The previous passage might lead you to believe that I was about to have an epic evening. Forty five minutes of grab after grab after grip after grin. Well, not exactly, but about half the way down the run, and about half way through the wide swing of my fly, I felt the line stop and get tight. Then it started again, and then it stopped once more and started to throb. Fish on; big smile on my face. Haha! All those dudes with fancy plastic clothes didn't want to get their new truck muddy (more likely, they thought better of testing the ability of a 13 foot graphite rod to conduct static electricity). The most popular early -season hole on the whole river all to myself, and a fish on. I had given my little boy a good night hug only 20 minutes before. Bliss.
It wasn't meant to last. After a brief minute of battle, the fish gave me one great thrash on the river's surface in the middle of the current to let me know I really was connected with a steelhead, then he made one good run and threw the hook. Pop Pop would have definitely said "better to have hooked and lost than to have never have hooked at all." That sentiment couldn't be truer for steelhead. All those casts, all those steps, mends, and all that time... and what is the thing you fantasize about the most? That moment you feel that grab, the second your line stops, the instant spey casting for steelhead goes from the most meditative and relaxing sport on the planet, to one of the most exciting. That said, nobody likes to lose a fish. I cursed and slapped my line back down on the water in front of me, but I was smiling the whole time. I certainly don't want losing fish to become a habit, but you never can be angry when a steelhead gives you a taste of their addictive tug drug.
So I finished out the run. No second chances, only more rain and darkness so complete it was getting harder and harder to know the anchor for my cast was in the right place. Best call it then so as to not put a #6 salmon hook in my eye.
My finish line was a green bottle, neck decorated in gold foil, glass full of notes and trinkets. I reeled in, stowed the fly, and grabbed the bottle before I slogged back to my pickup truck.
I didn't open the bottle until I was in dry clothes and sitting at my kitchen table. The first note that fell out said the following:
"Dear Char, I wish we could have seen you before you left. I'm happy that your not in pain anymore. I can't wait to reunite when I come to Heaven. I bet it will be lots brighter with you there! Thanks for lighting up this world with your cheerfulness, Char. Rest in peace. I love you. ~Lacey~"

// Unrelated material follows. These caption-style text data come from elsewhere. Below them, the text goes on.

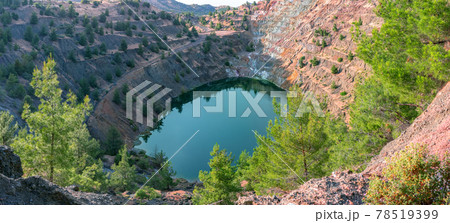 Reforestation in former open pit mine area, panoramic view Reforestation in former open pit mine area, panoramic view 78519399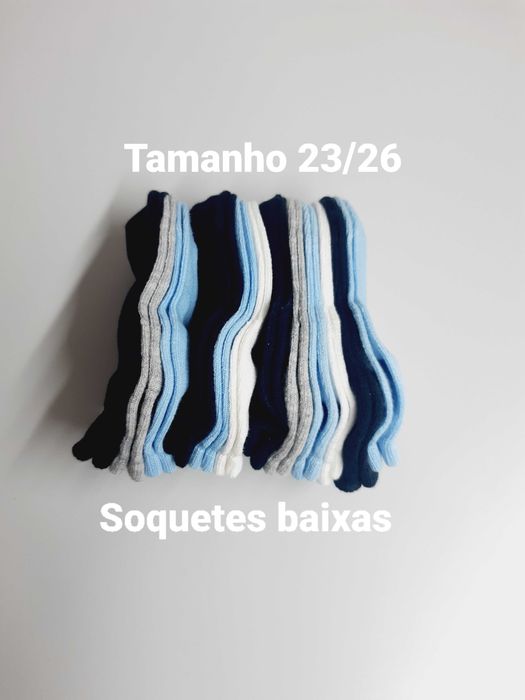 12 pares de soquetes 23/26 em algodão do bom.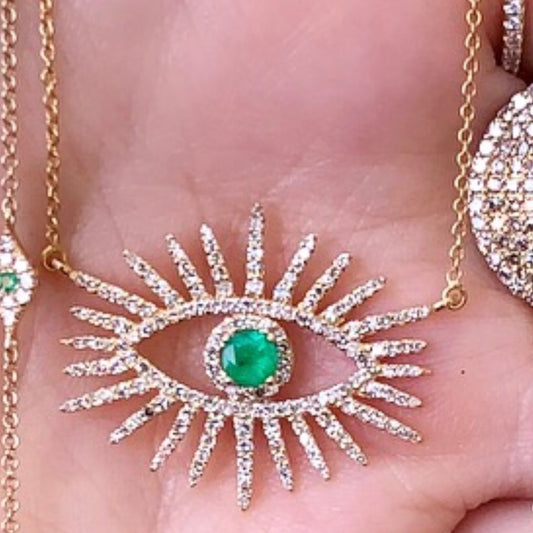 Emerald Diamond Spike Eye Necklace - Nina Segal Jewelry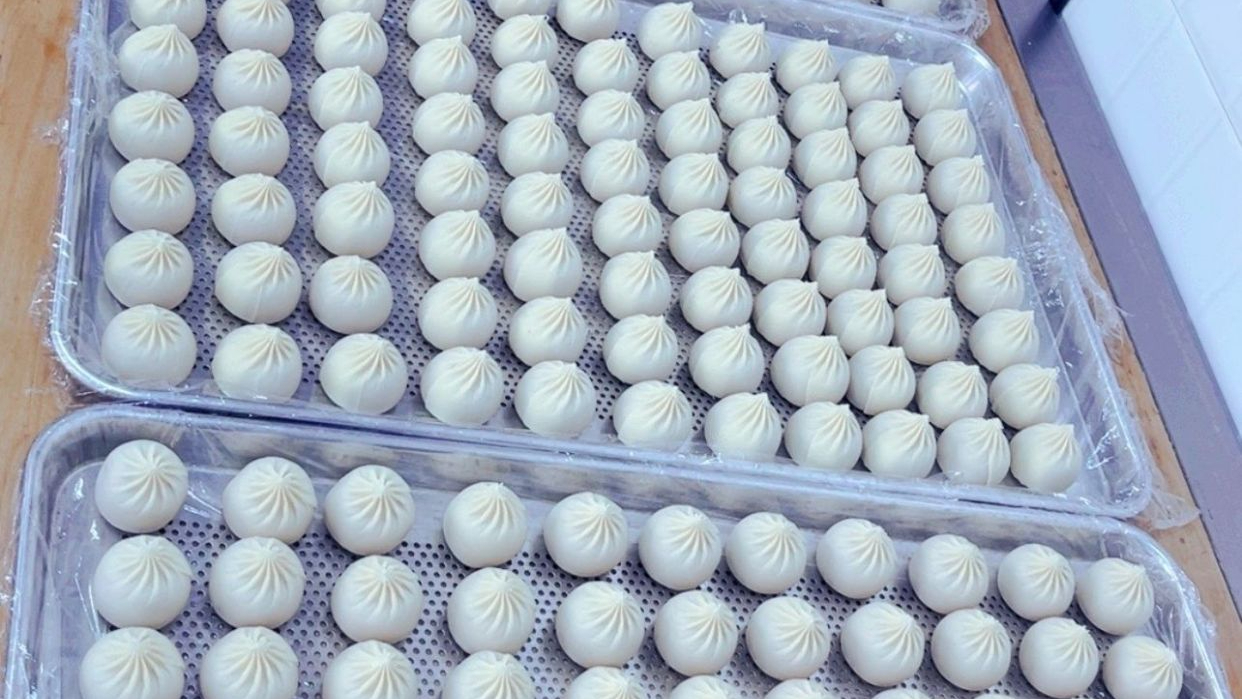 食品加工厂用包子机做出来的速冻灌汤包皮薄馅大#速冻灌汤包 #灌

More beautiful words have rarely been said about the loss of a friend. The rest of the notes I could extract had the same tone of fond memories and a catharsis of grieving. Each had their own poetry and came from all of Char's family, including the very youngest members of the pack. I've no idea the full
symbolism of the trinkets in the bottle - a length of parachute cord, a handful of bone shaped candies, a stick of cinnamon gum, a little lock of golden hair - but weren't meant for me, they were keepsakes for Char.
It occurs to me that maybe I hadn't hooked a steelhead tonight. Maybe it was Char's spirit trying to tell me the gifts in the bottle weren't meant for me. Maybe Char was reminding me the best things in life, including love (and the tug of a big fish), aren't to be taken for granted, because they don't last forever (except, perhaps, in a heaven made brighter by the presence of our friends).
So out of respect for the river spirit that got away from me tonight, I am going to kiss my sleeping baby on the head, then take that green glass bottle, messages and trinkets stowed safely back inside, and return it to the river. Before I do, I am going to make one small addition to the bottle's contents: One size 6 Spawning Purple steelhead fly, which on this very night may or may not have briefly ensnared a Char and not a steelhead.